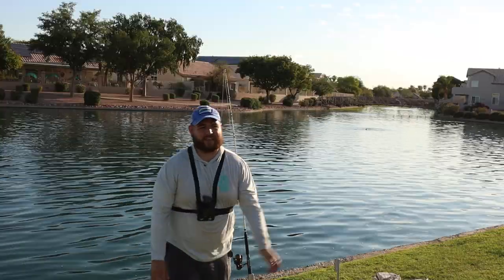I think that's gonna do it — we had plenty of action here at this pond. It's only 7 a.m. and I got out here about 5:45, lines in the water by 6, so that was about an hour of non-stop bites. I gotta head home — thank you guys so much for watching, hope you enjoyed, we'll see you in the next video.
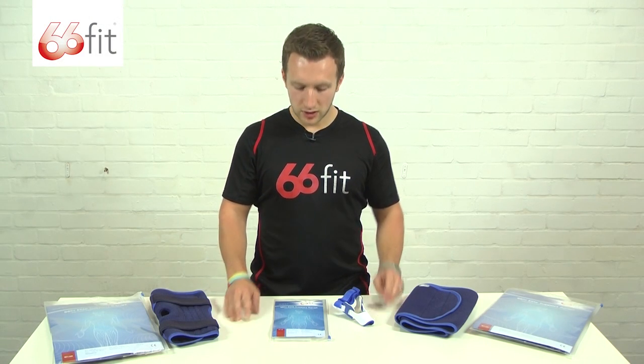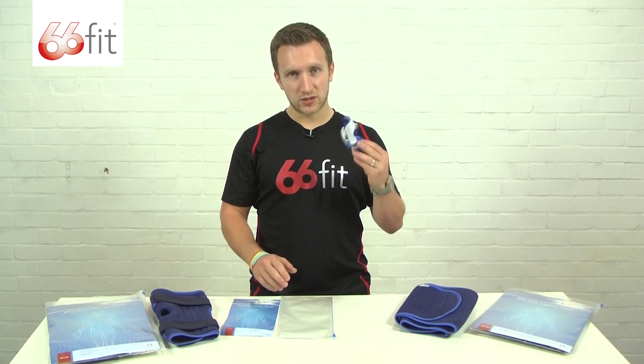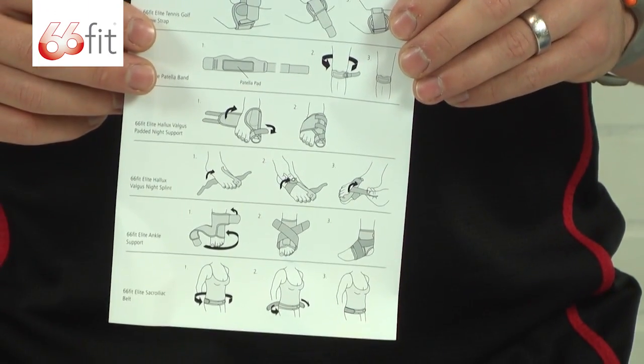This is a selection of the 66 Fit Elite range of supports. They all come packaged in a durable ziplock bag, and inside you get your support as well as an instruction card. On the front you've got an anatomical drawing, and on the back you've got various fitting instructions for whichever support you've purchased.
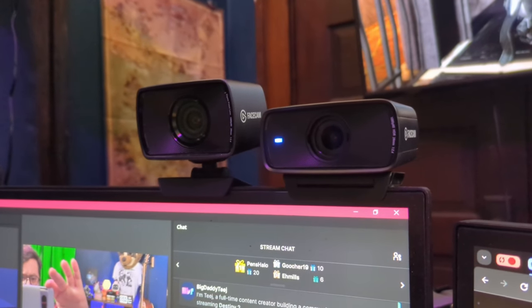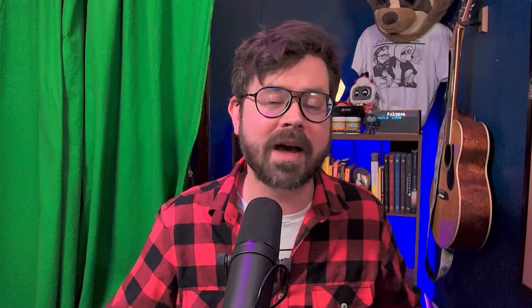One thing with the camera that's fairly apparent is how low profile the Mark II is compared to the Mark I. When I've been streaming, I've enjoyed the Mark II over the Mark I just because of the low profile. The Mark I, the way that I have it set up on my desk, is that it is on top of my monitor to the left, and I lift that and drop it as I sit or stand.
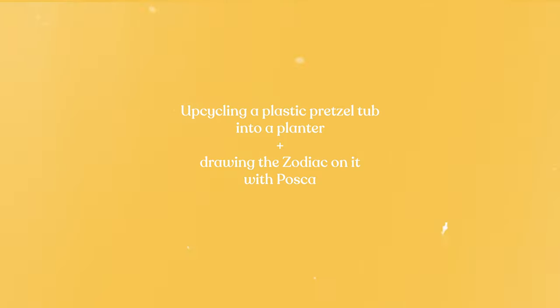Do you ever buy a kilo and a half of pretzels and then feel really guilty about the plastic tub afterwards? Because I do. I do live in a family of four, so these didn't all go down my stomach exclusively.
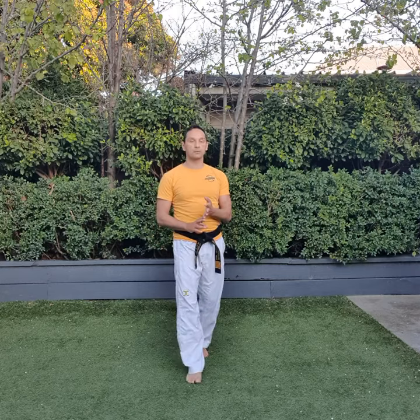Okay, that's white belt, and then Tagu Iljang, Tagu Ijang, and Tagu Samjang. Okay, good work. So let's just break it up a little bit now — give yourselves a sip of water.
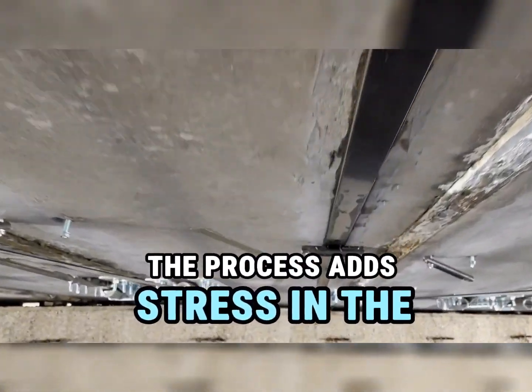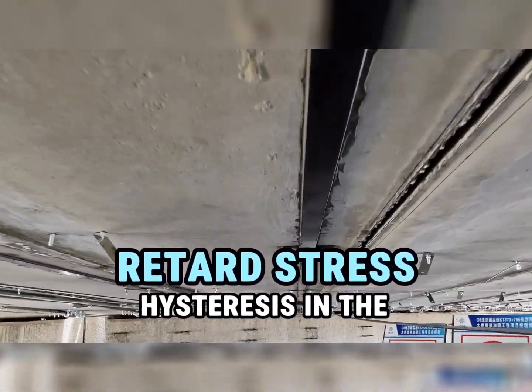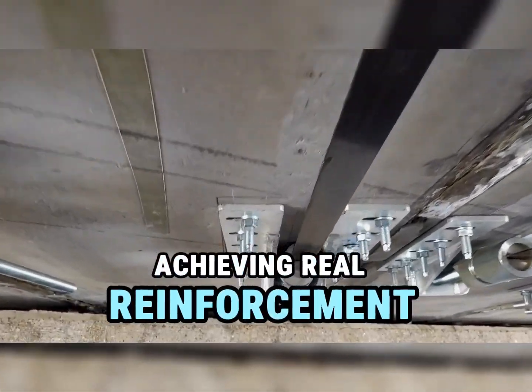The process adds stress in the bending direction, enhancing structural integrity. This added stress can remove or retard stress hysteresis in the existing structures, resulting in reduced or completely closed cracks, achieving real reinforcement.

------------------------------------------------------------

TASK BRIEF:
Set down again, exactly, the lines of the material above from its first line to the one with "This is a selection", inclusive. Leave the pictures out.

WRITTEN SOLUTION:
I think that's gonna do it — we had plenty of action here at this pond. It's only 7 a.m. and I got out here about 5:45, lines in the water by 6, so that was about an hour of non-stop bites. I gotta head home — thank you guys so much for watching, hope you enjoyed, we'll see you in the next video.
This is a selection of the 66 Fit Elite range of supports. They all come packaged in a durable ziplock bag, and inside you get your support as well as an instruction card. On the front you've got an anatomical drawing, and on the back you've got various fitting instructions for whichever support you've purchased.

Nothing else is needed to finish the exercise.